Meralda raised her free hand for silence, and pushed her Sight deeper inside the Vonat spellwork.

But it isn’t all Vonat, is it,
she thought.
Certainly, some of it. But half is something new.

Something foreign
.

Meralda didn’t dare close her Sight long enough to consult Donchen’s magical pointer, but she knew the needle would still point to the ships.

Still, this is Hang. But what does it do?

Meralda urged the sphere to reveal more. The glass began to sag, and a drop of it fell to the stair, smoking and hissing.

Meralda pushed deeper. The formations inside the spellwork danced and spun, rolling and straightening, flashing suddenly from the Tower’s floor to the flat, like cold, bright lightning.

Lightning.

“Oh, my.”

“Ma’am?”

“Nothing.”

Lightning. Plain and simple. The word is spoken. The structure unfolds. The coils are released.

And then a ring of deadly, concentrated lightning springs from the Tower and falls into the park. Bolt after bolt, until the latch fails.

The hand holding the melting glass began to shake. How many would die? Dozens? Hundreds?

And I’d be blamed,
she realized.
He’d wait until I invoked the shadow moving spell. Make it appear as if a clumsy Tirlish mage—a woman, at that—accidentally called down death on the royal houses of all the Five Realms, and the Hang.

Wrecking the Accords. Sending the Hang home, perhaps forever. Leaving the realms distrustful and perhaps even vengeful against a devastated, kingless Tirlin.

All of that laid at my doorstep.

Meralda felt her teeth grinding, and forced her jaw to relax.
It’s not going to happen
, she said to herself.
The spell has been disabled. Oh, it looks formidable enough. But when the word is spoken, if it is spoken, the whole wretched mess will simply spin and thrash and fall apart.
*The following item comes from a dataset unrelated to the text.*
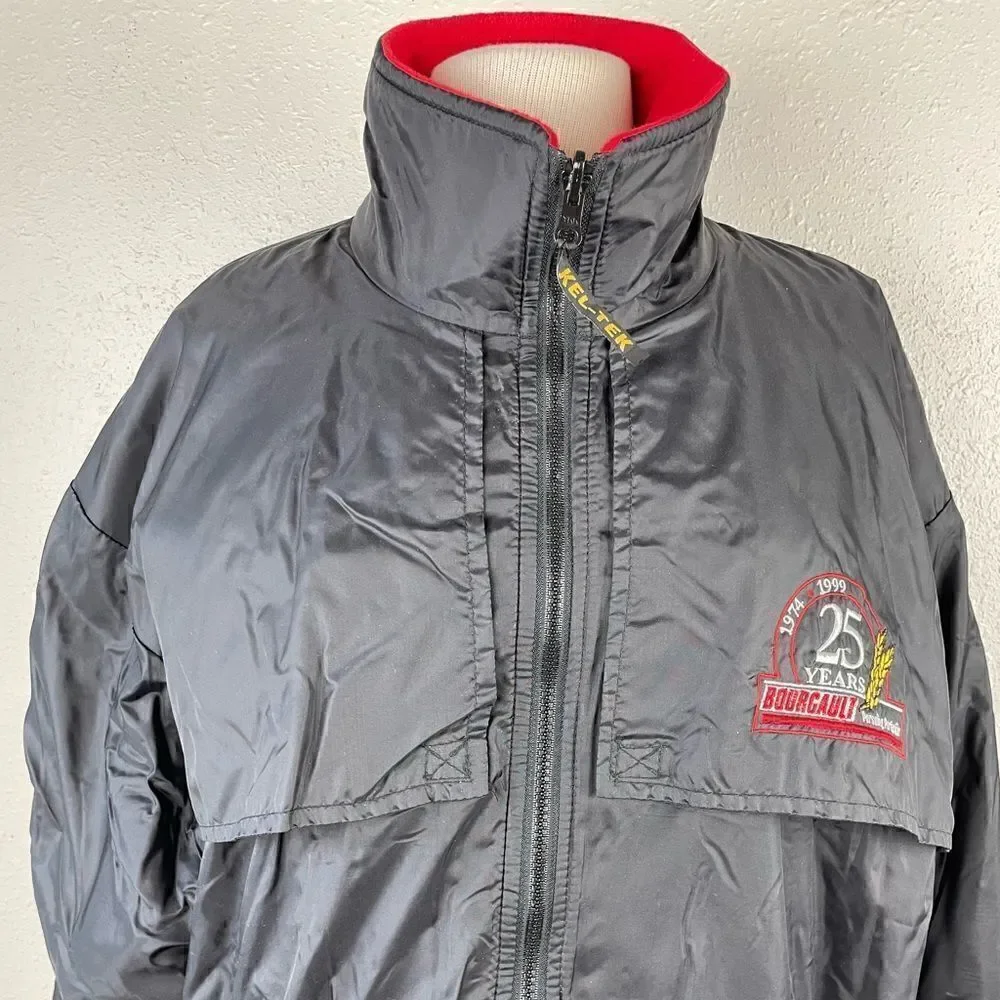 Kel-Tek Full Zip Reversible Jacket Size L EUC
Meralda took a deep breath, and dropped her Sight.

The glass globe sputtered and dripped. The heat of it warmed her hand, even from the end of the handle.

Kervis and Tervis regarded her with something like terror.

“Ma’am,” said Kervis. “Is everything…all right?”

“It is now. Forgive me, gentlemen. I assure you, all is well.”

The Bellringers nodded, their eyes still wide.

Meralda spoke another word. The globe ceased its glowing, and began to pop and crack as it suddenly cooled.

Meralda propped it carefully against the wall. The glass was so soft it flattened and deformed against the stone.

“I’ll just leave this here and pick it up on the way down. Remember where it is, and don’t trip over it later.”

The Bellringers chorused agreement. Meralda hefted her bag, and resumed her careful march back toward the flat, scowling at the dark all the way.

 

 

Sunlight spilled into the flat. Meralda and the Bellringers put their backs to the walls and sat, catching their breath.

“I’m not going to miss doing this one bit,” said Tervis, after a time.

“Oh, I don’t know, it’s fun after the first few thousand steps,” added Kervis with a sweaty grin.

Meralda laughed and rose.
One last thing to do,
she thought.
And the shadow spell will be in place at last.

I just hope there’s still a Tirlin in which to use it.

Meralda fumbled in her bag, found the pair of holdstones and the intricate device of brass and silver that would shape the refractors upon their release. She put the device in the center of the floor, spoke half the word that bound it to the latch, and watched as the cogged gears located at each of the compass points rotated precisely half a revolution each.